More than 500 households remained without power Saturday following Friday’s record-setting snowfall — which resulted in the snowiest October day in Boston history.
Across the state, 571 customers were still without power as of 11:15 p.m., according to the Massachusetts Emergency Management Agency, the majority in the eastern part of Massachusetts. More than 12,000 customers were without power Friday afternoon.
In Boston, 4.3 inches of snow fell, shattering the previous single-day record of 1.1 inches on Oct. 29, 2005, according to the National Weather Service in Norton.
Friday’s snowfall also broke the record for most snowfall in October in Boston — also 1.1 inches.
“Obviously, it’s been the snowiest October on record” in Boston, said Hayden Frank, a meteorologist with the National Weather Service. There have been other significant snowstorms in October, but "this time the snow went all the way to the coast, which is unusual.”
More than 6 inches of snow covered seven towns in Worcester County and Norfolk County, according to the National Weather Service. Grafton residents saw the most snow, with 7.6 inches as of 6:30 p.m. Friday.
[October 30th Snowstorm] This is our final map of snowfall reports received from yesterday's rare October snowstorm. A fairly large swath of 4.5 to 6.5 inches of snow fell across northeast CT, northern RI and into central/eastern MA. pic.twitter.com/gvpbaVKnZQ— NWS Boston (@NWSBoston) October 31, 2020
No significant snowfall is expected in the near future, and temperatures are expected to rise into the 50s on Sunday.

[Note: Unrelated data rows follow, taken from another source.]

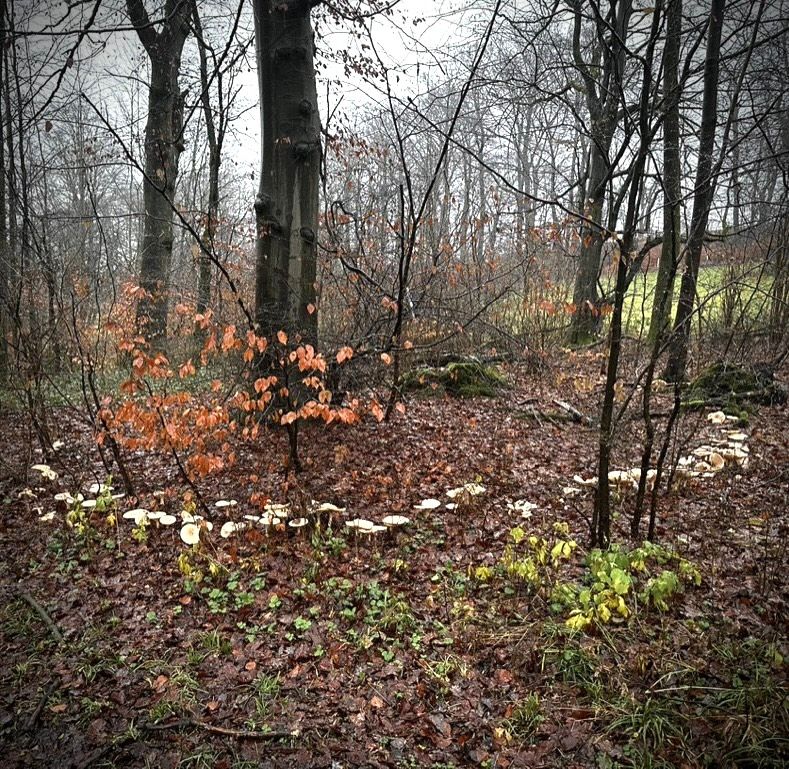 Iglucraft dans le parc naturel de Wendland, près de l'Elbe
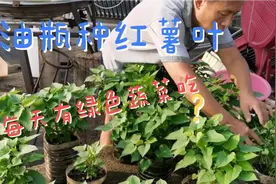 家庭种菜很方便，十几个油瓶种红薯叶，绿色蔬菜不用愁！视频封面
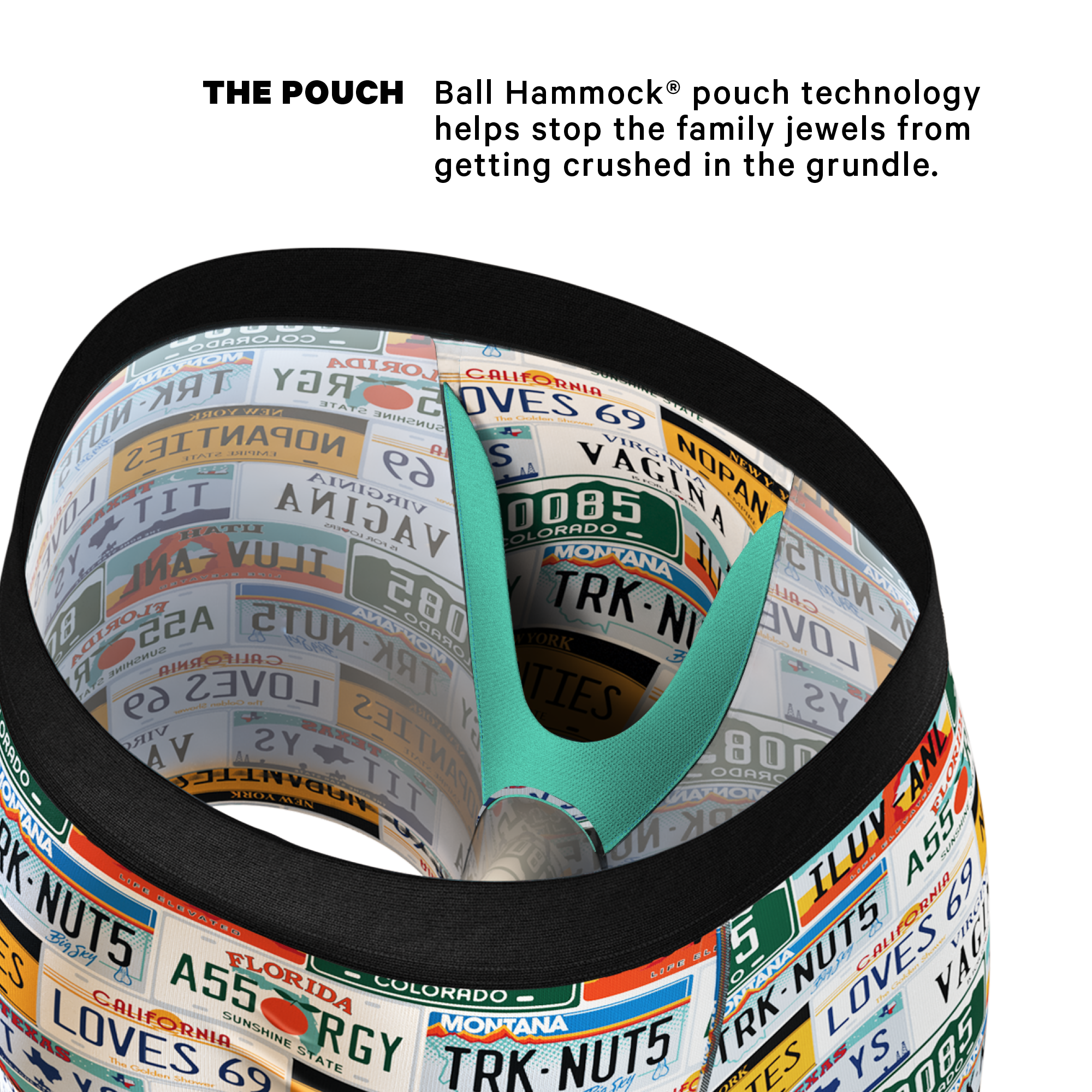 The DMV Catastrophe | License Plates Ball Hammock® Pouch Underwear - Shinesty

Light showers can be expected late Saturday into Sunday morning.
“Milder temperatures return Sunday with another period of widespread rainfall late Sunday and Sunday evening ahead of a strong cold front,” according to the weather service forecast discussion.
A few light snow or rain showers may occur Monday, according to the weather service. “Blustery and cold” conditions will continue through Tuesday, with temperatures rising above normal toward the end of the week.
Temperatures are expected to be in the 30s and 40s on Tuesday and Wednesday before climbing into the 60s Thursday through Saturday.